Other names mentioned include two partisans, Rep. Trey Gowdy, R-S.C., and former congressman Mike Rogers, R-Mich., who were enmeshed in the Benghazi investigations that ultimately went nowhere. The notion that a partisan Republican would even be considered suggests a lack of appreciation for the damage done to the president’s credibility and the independence of the Russia investigation.
Among those interviewing the next director is Attorney General Jeff Sessions, whose participation in the firing of James B. Comey raises ethical and legal questions. Rod J. Rosenstein, the deputy attorney general whose memo was used as a pretext for firing Comey, is also participating. How are we to know if the contenders will be asked about the ongoing investigation? How will we know they will not be selected because they hint at a jaundiced view of the Russia investigation? (The investigation has metastasized with the report that the Justice Department is seeking “banking records of Paul Manafort as part of a widening of probes related to President Donald Trump’s former campaign associates and whether they colluded with Russia in interfering with the 2016 election.”) We won’t — unless the president’s conversations are in fact being recorded.
Democrats are threatening to stall the hearings on a new FBI director unless Rosenstein agrees to name a special counsel (to replace himself in overseeing the FBI probe into Russian interference in the election). However, they may reconsider after hearing his testimony this week in a briefing for all 100 senators. He may provide information and/or establish credibility with the Senate that persuades both Republicans and Democrats to leave him in place to continue investigating the Russia affair.
There is no downside for Democrats and for conscientious Republicans in refusing to move forward with a permanent FBI director. For now, McCabe is doing the job. He’s the one person who we know Trump, Sessions and Rosenstein would have had no role in influencing. It’s not even clear the partisan Republicans will want a confirmation hearing for a new FBI director. This would devolve into a tutorial on obstruction of justice, queries about a White House taping system, a reaffirmation of the conclusion that Russia meddled in our election (which would contradict the president) and a critique of Trump’s alleged conversations with Comey.

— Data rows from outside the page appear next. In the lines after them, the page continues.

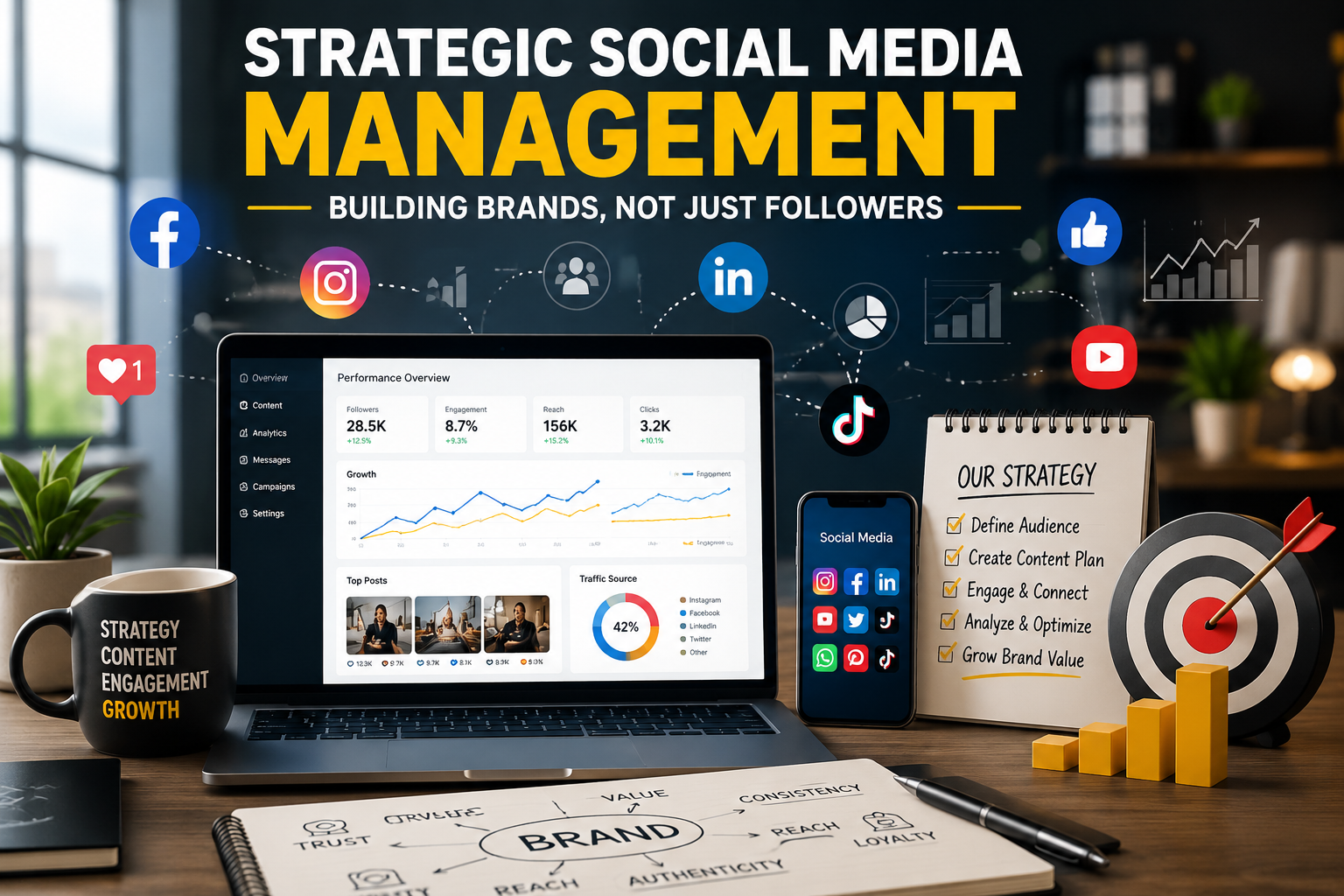 strategic social media management, digital marketing strategy social media, top social media consultants, website content creation services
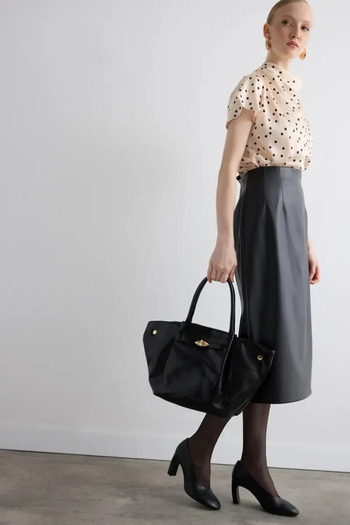 Gusto Patent Leather Large Bag - Black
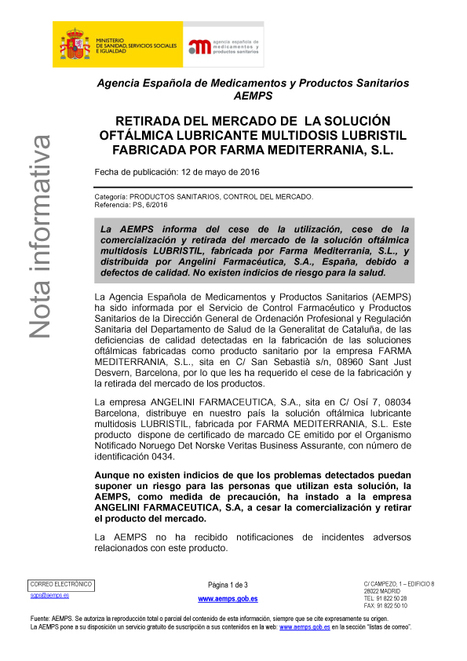 Cese de la utilización, cese de la comercialización y retirada del mercado de la solución oftálmica lubricante multidosis LUBRISTIL, fabricada por FARMA MEDITERRANIA, S.L. | Salud Visual (Profesional) 2.0 | Scoop.it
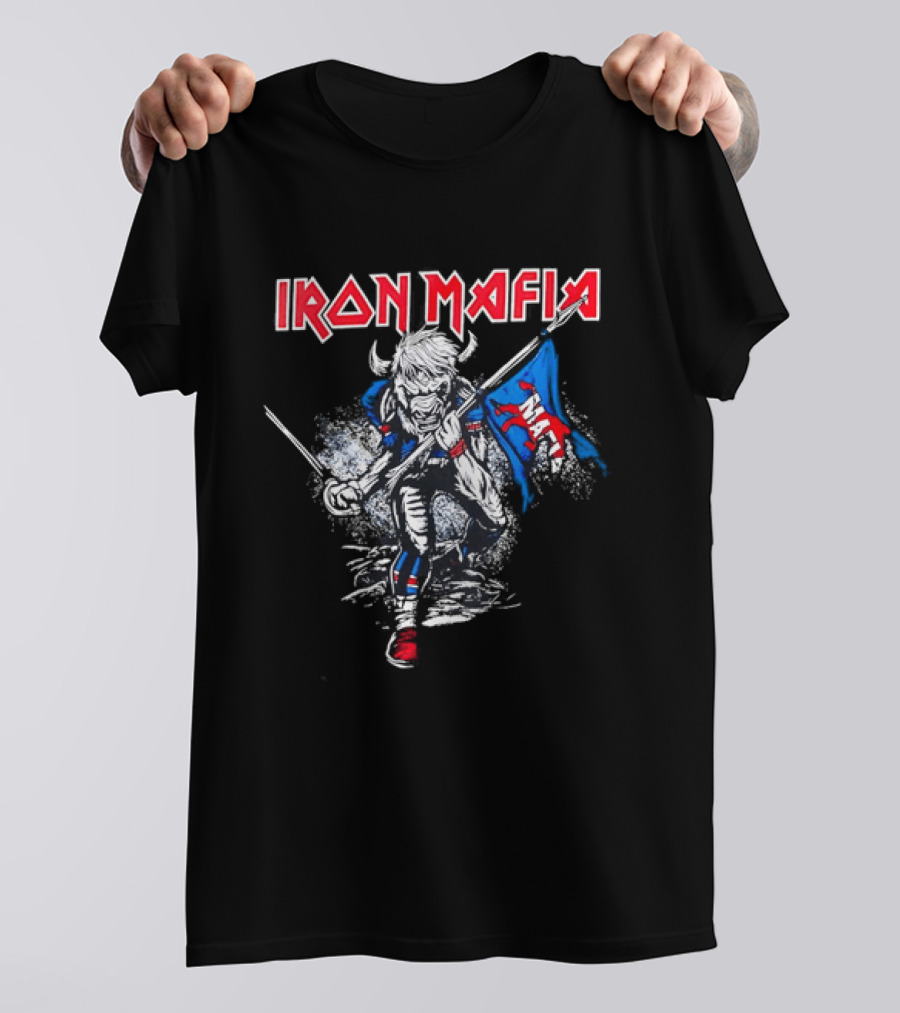 Iron Mafia Buffalo Bull Charging With Flag Buffalo Bills T-Shirt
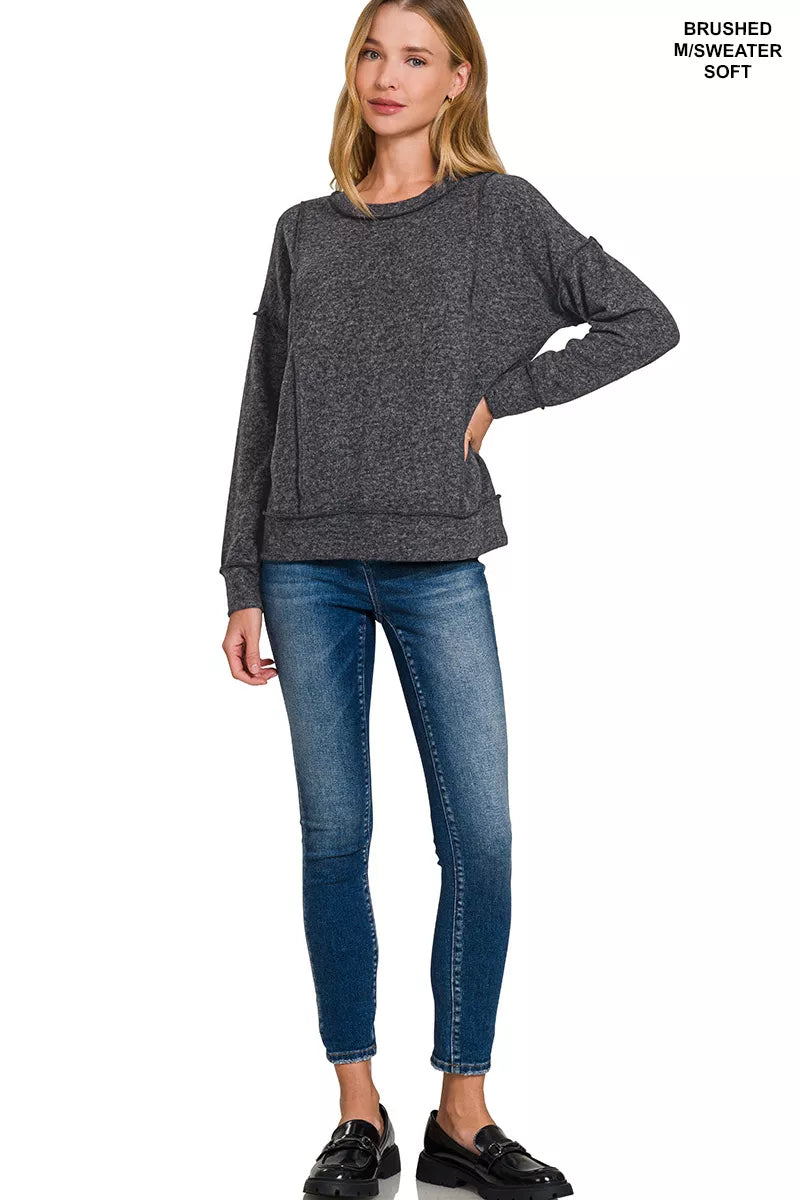 Brushed Hacci Drop Shoulder Sweater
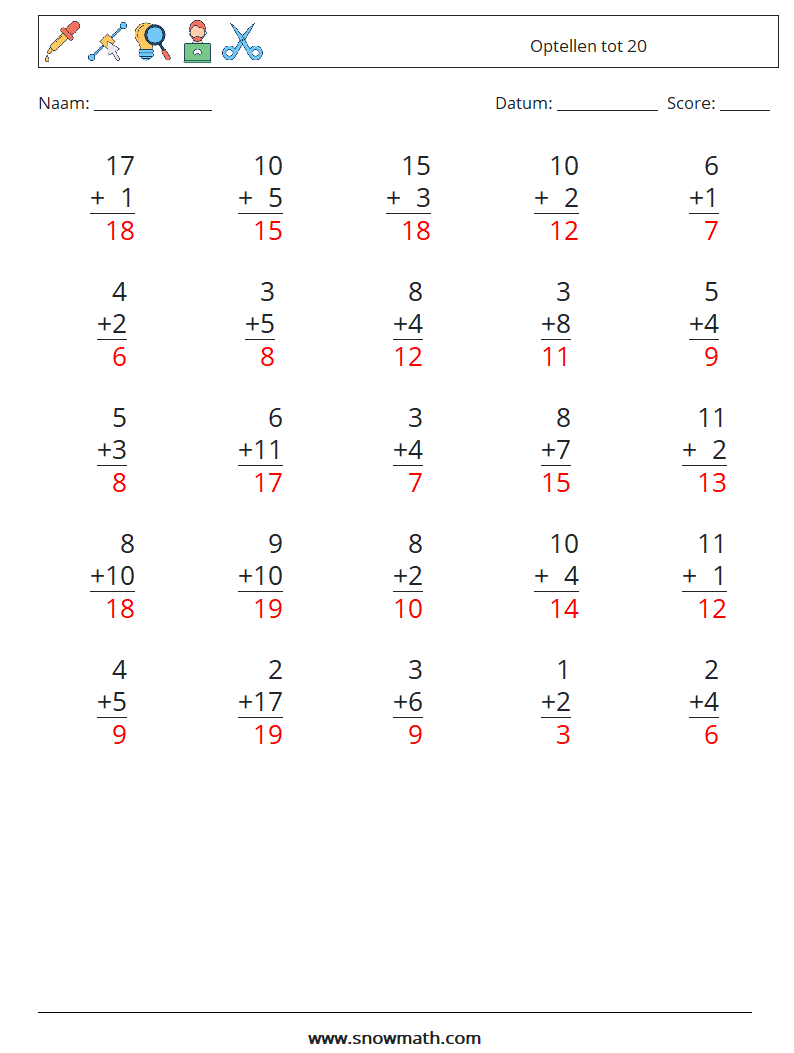 (25) Optellen tot 20 Wiskundige werkbladen 13 Vraag, Antwoord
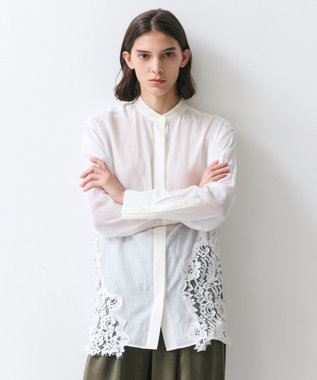 BEIGE， GALENA / コットンレースバンドカラーシャツ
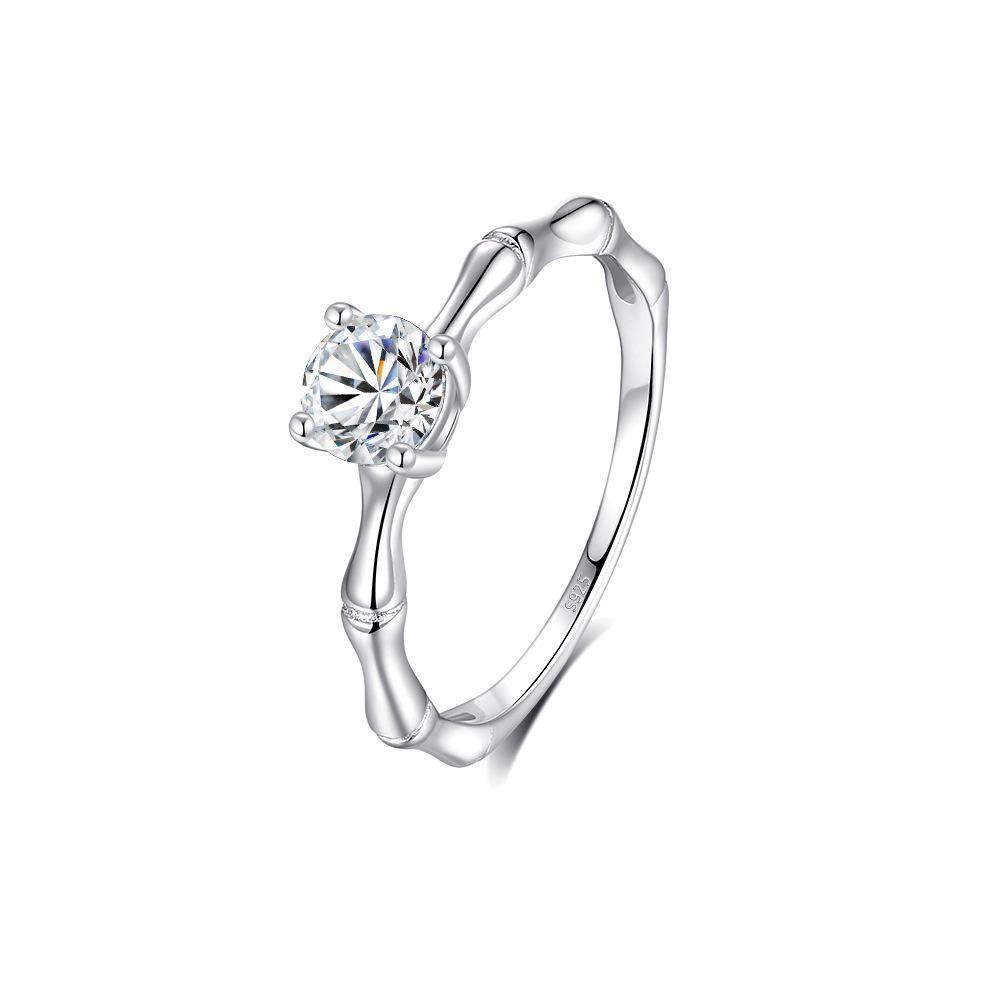 New Chinese Style Moissanite Bamboo Joint Ring: Elegant S925 Sterling Silver Jewelry for Women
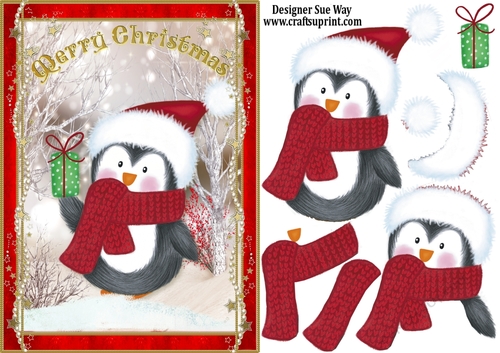 Penguin Christmas Snow A5 Card Front & Decoupage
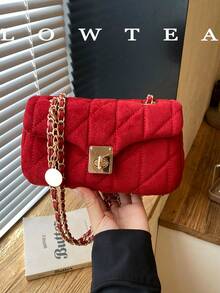 Bolso de hombro con correa de cadena y patrón de diamantes acolchados, bolso cuadrado pequeño de moda, cierre de bloqueo giratorio con cadena de metal, adecuado para niñas, mujeres, estudiantes universitarias, nuevas profesionales y trabajadores de cuello blanco, perfecto para trabajo, negocios, desplazamientos y escenarios escolares - Rojo - Ver 6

The one measure that Congress does have within its power is appointment of a special commission or select committee, which would be within Congress’ domain. (The former would likely require legislation, which might need to be passed on a veto-proof majority.) They can do that now or in the future, depending on how well the Senate Intelligence Committee functions.
Where does that leave us? Perhaps the best arrangement would be to leave Rosenstein and McCabe in place and allow the Senate committee to continue its work on the Russia investigation. However, a separate investigation into the firing of Comey and potential obstruction of justice is essential. Both the president’s and the attorney general’s conduct must be examined. For that, Rosenstein must agree to appoint a special counsel (Rosenstein cannot investigate himself) and Congress should set up a select committee. That is the only feasible way to investigate whether Trump is guilty of either impeachable or illegal conduct.
Jennifer Rubin is a Washington Post columnist.